From the material below, please set down exactly the lines starting with the one with "Unisex Couple Zipper" and going on through the one with "潮牌半拉链立领卫衣男士圆领春秋季2025新款简约宽松套头上衣男款", without a single picture.

┌─ Data for the task

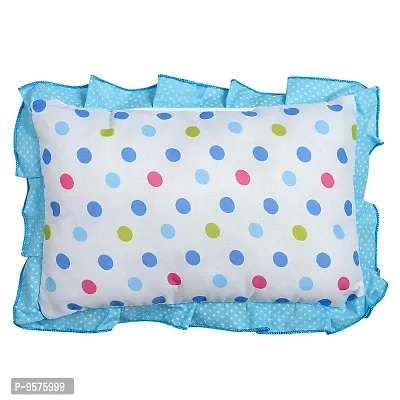 "Superminis Cotton Baby Head Pillow with 2 Bolster/Round Side Pillows - Embroidered, Dot Printed for New Born (0-12 Months, Sky Blue)"-thumb3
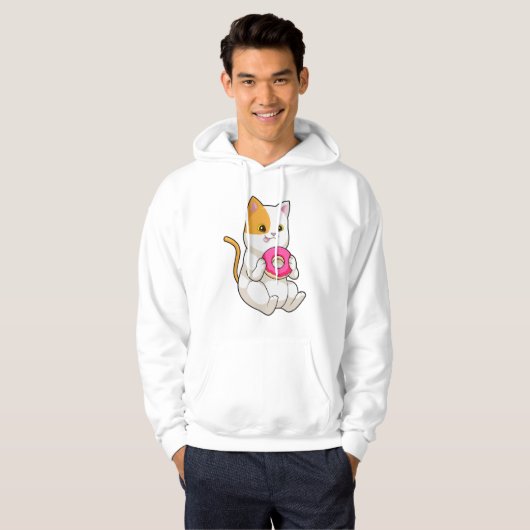 Kat Eating Donut Hoodie (Voorkant volledig)
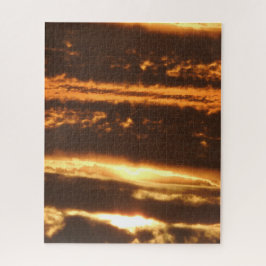 Rompecabezas del invierno al atardecer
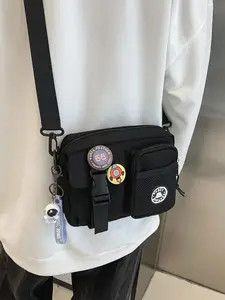 Unisex Couple Zipper Crossbody Bag, Casual Plain Multi-pocket Bag for Women & Men, Casual Trendy Versatile High-quality Daily Commuting Bag, Girl Fashionable Shopping Bag with Random Color Badge, Versatile Shoulder Bags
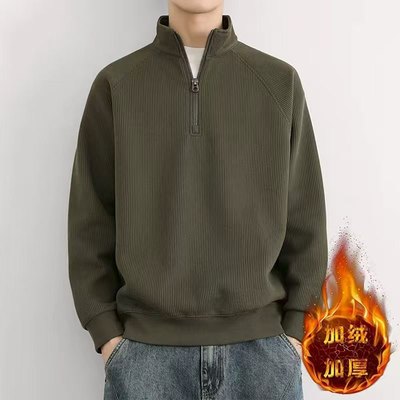 潮牌半拉链立领卫衣男士圆领春秋季2025新款简约宽松套头上衣男款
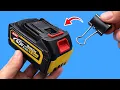 Lagu 🔋 Nooit meer nieuwe accu's voor je boormachine kopen! Gebruik een paperclip en kijk wat er gebeurt!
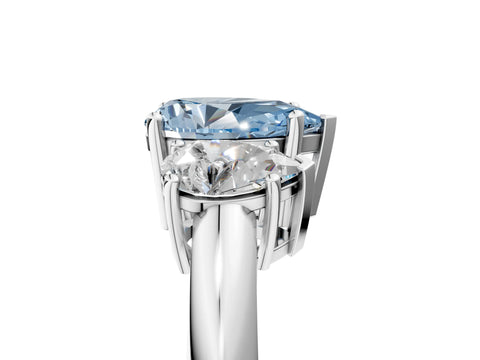 Silver Three-Stone Fancy Blue Pear Cut Cut Diamond Engagement Ring with Prong Setting on a White Gold Band_67
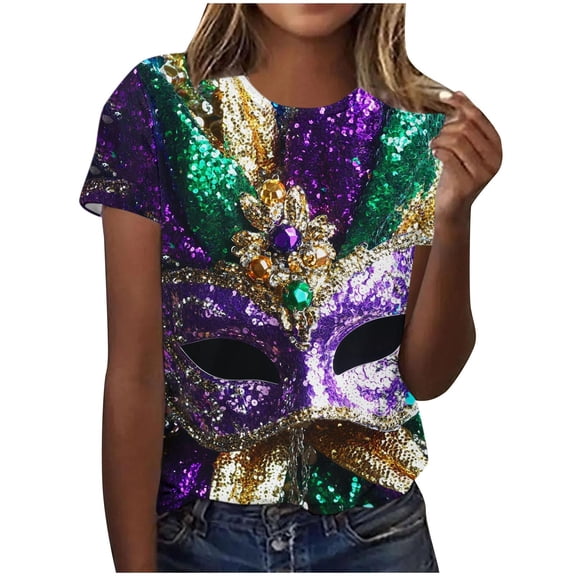 mihongmao Women's Mardi Gras Parade Print Tee Ladies' Casual Pullover Carnival Printed Round Neck Short Sleeved Top Purple L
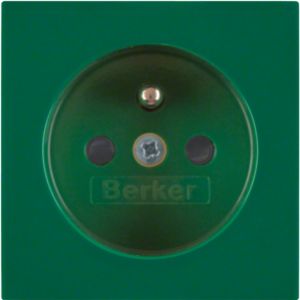 BERKER B.X/S.1 Płytka czołowa z przysłonami styków do gniazda z uziemieniem zielony 3965768963 (3965768963)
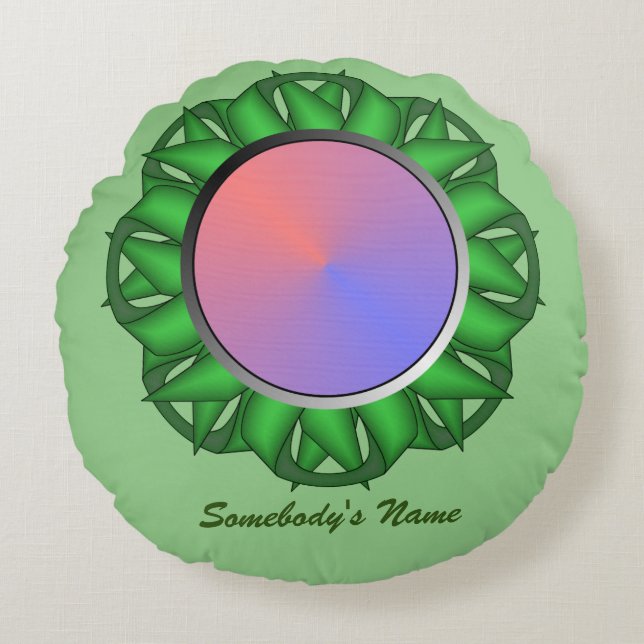 Green Disc Ribbon by Kenneth Yoncich Round Cushion (Front)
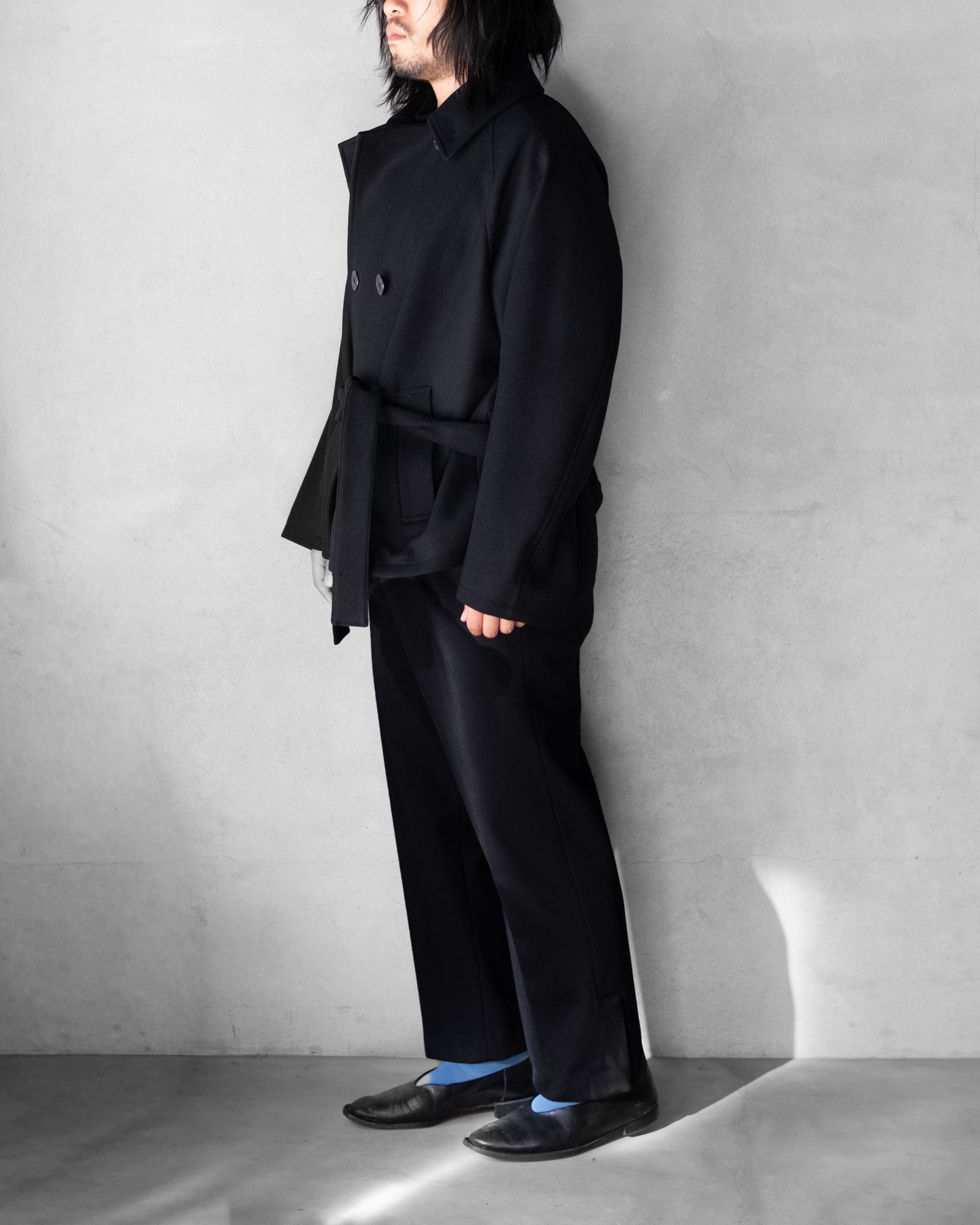 Wool Raglan Pea Coat / Black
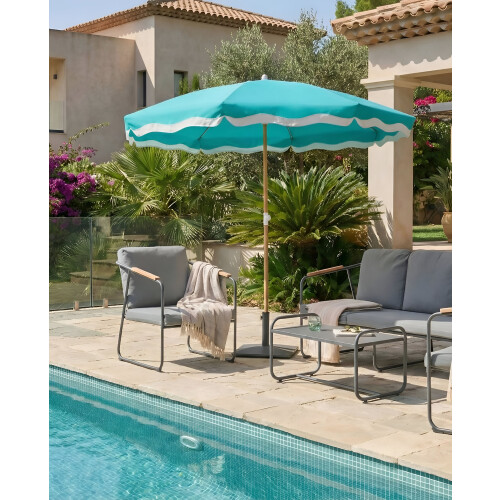 Beliani Market Parasol 232 cm SESTRIERE Turquoise 1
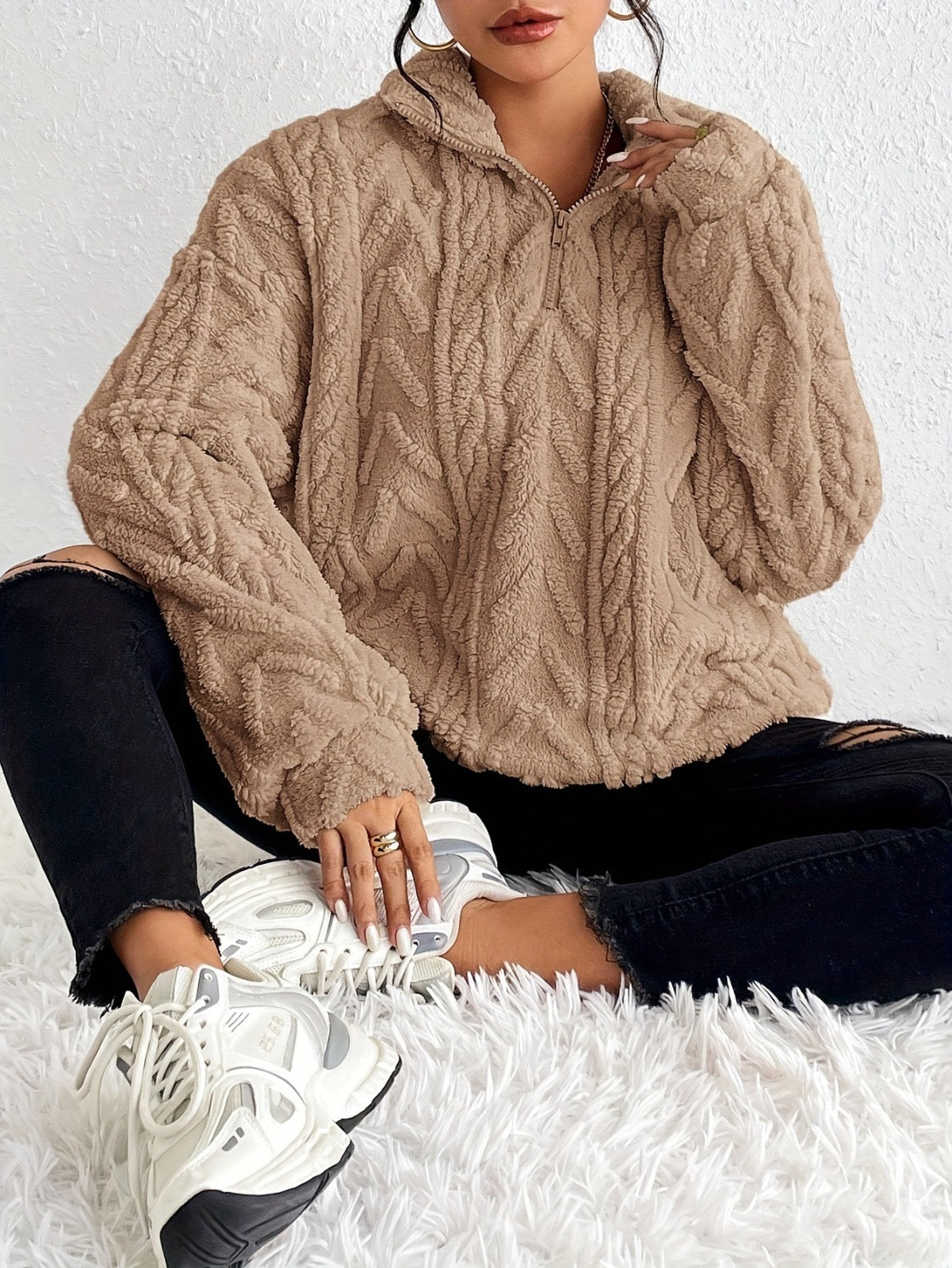 Aila - Hoodie Zippé Fluffy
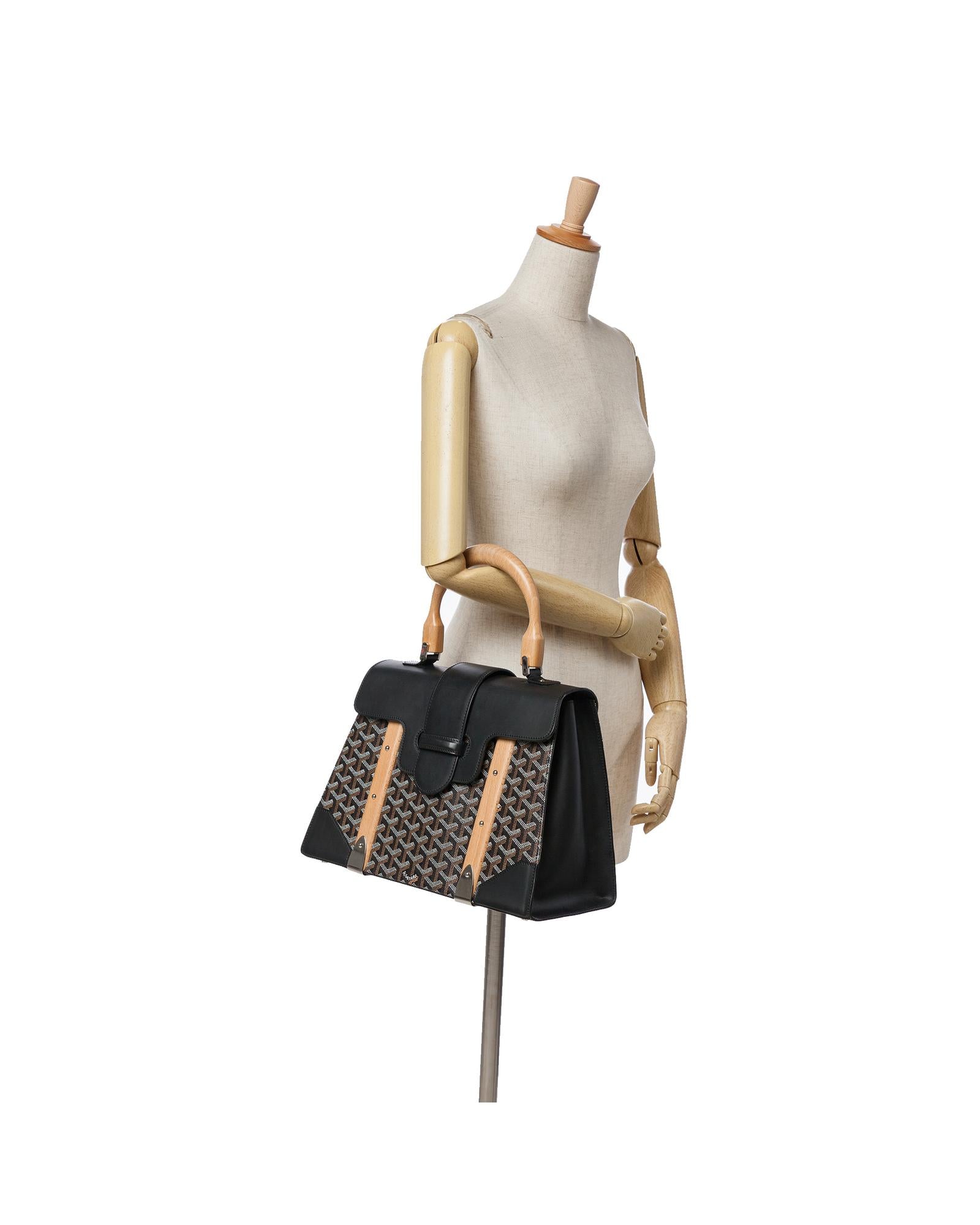 Stylish Anjou Top Handle Handbag with Wooden Accents - Perfect for Work, Travel, and Everyday Use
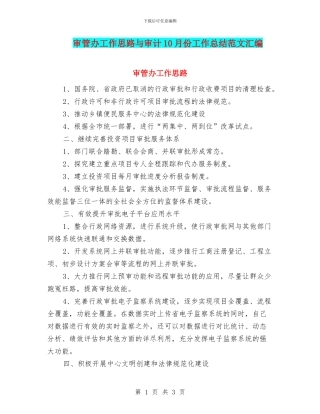 审管办工作思路与审计10月份工作总结范文汇编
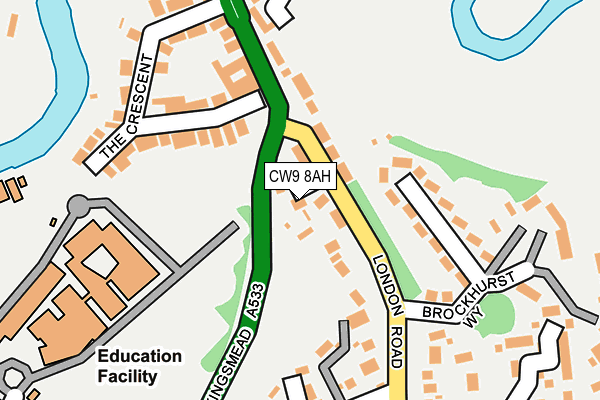 CW9 8AH map - OS OpenMap – Local (Ordnance Survey)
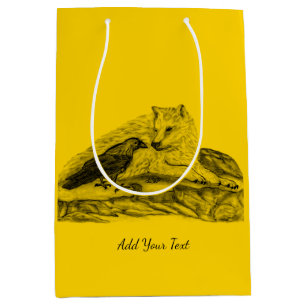 Wolf and Raven - Black and Yellow Design Medium Gift Bag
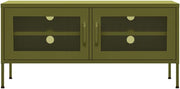 Steel TV Stand with Adjustable Levelers, Olive Green, 41.3"x13.8"x19.7"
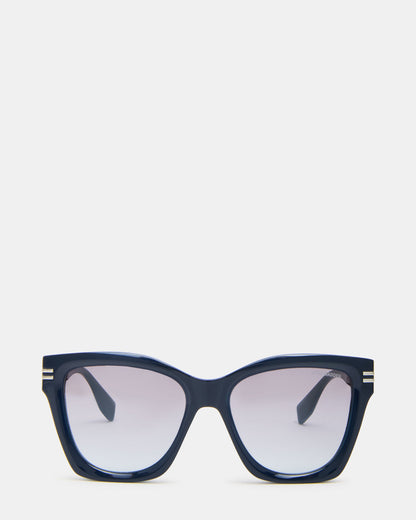 TAISIA Navy Milky Opaque Silver Flash Cat Eye Sunglasses | Steve Madden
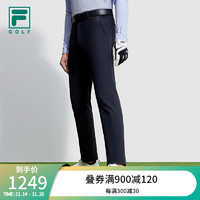 FILA 斐乐男士梭织长裤2023冬简约基础直口高尔夫运动裤 深黑-BK 175/84A/L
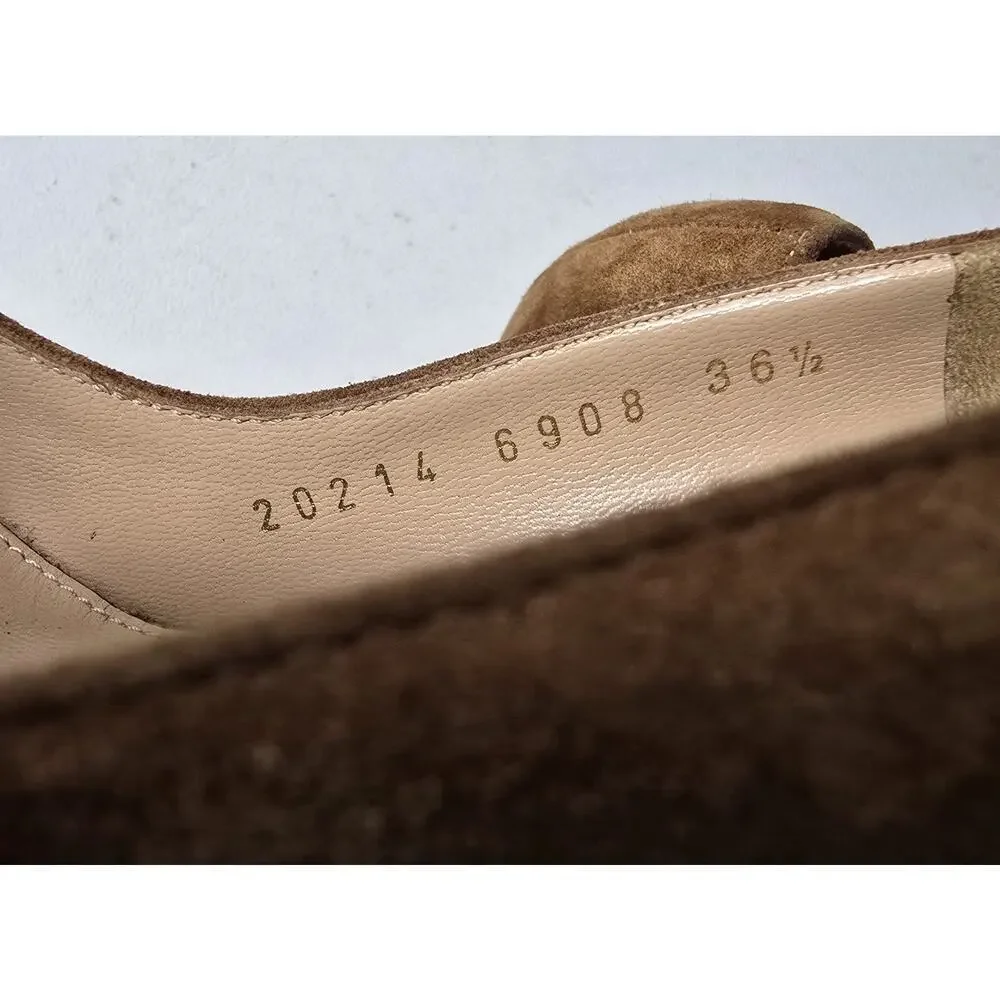 Gianvito Rossi Camel Cognac Suede Heels Pumps 36.5/6.5 Round Toe Block Heel $895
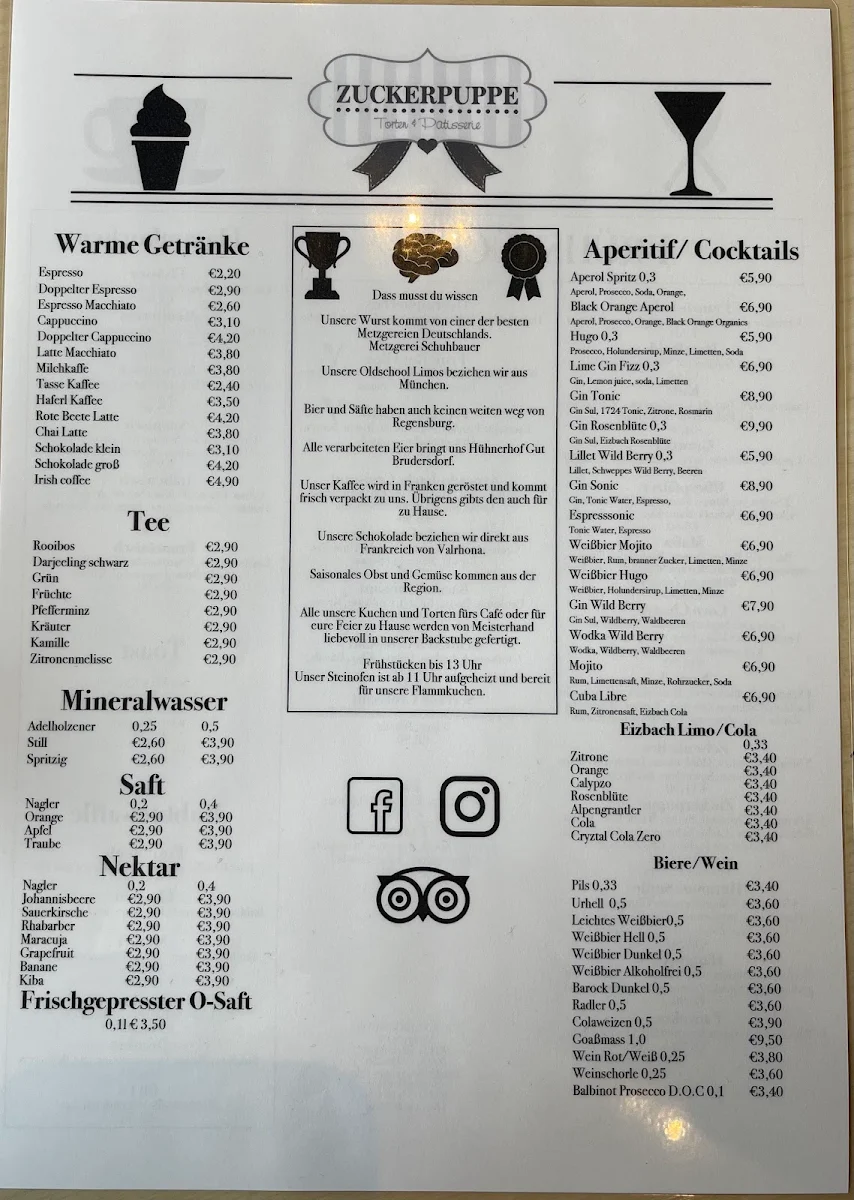 Speisekarte, Café Zuckerpuppe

└─

◆ **Finished task**:
 Unisex Couple Zipper Crossbody Bag, Casual Plain Multi-pocket Bag for Women & Men, Casual Trendy Versatile High-quality Daily Commuting Bag, Girl Fashionable Shopping Bag with Random Color Badge, Versatile Shoulder Bags
 潮牌半拉链立领卫衣男士圆领春秋季2025新款简约宽松套头上衣男款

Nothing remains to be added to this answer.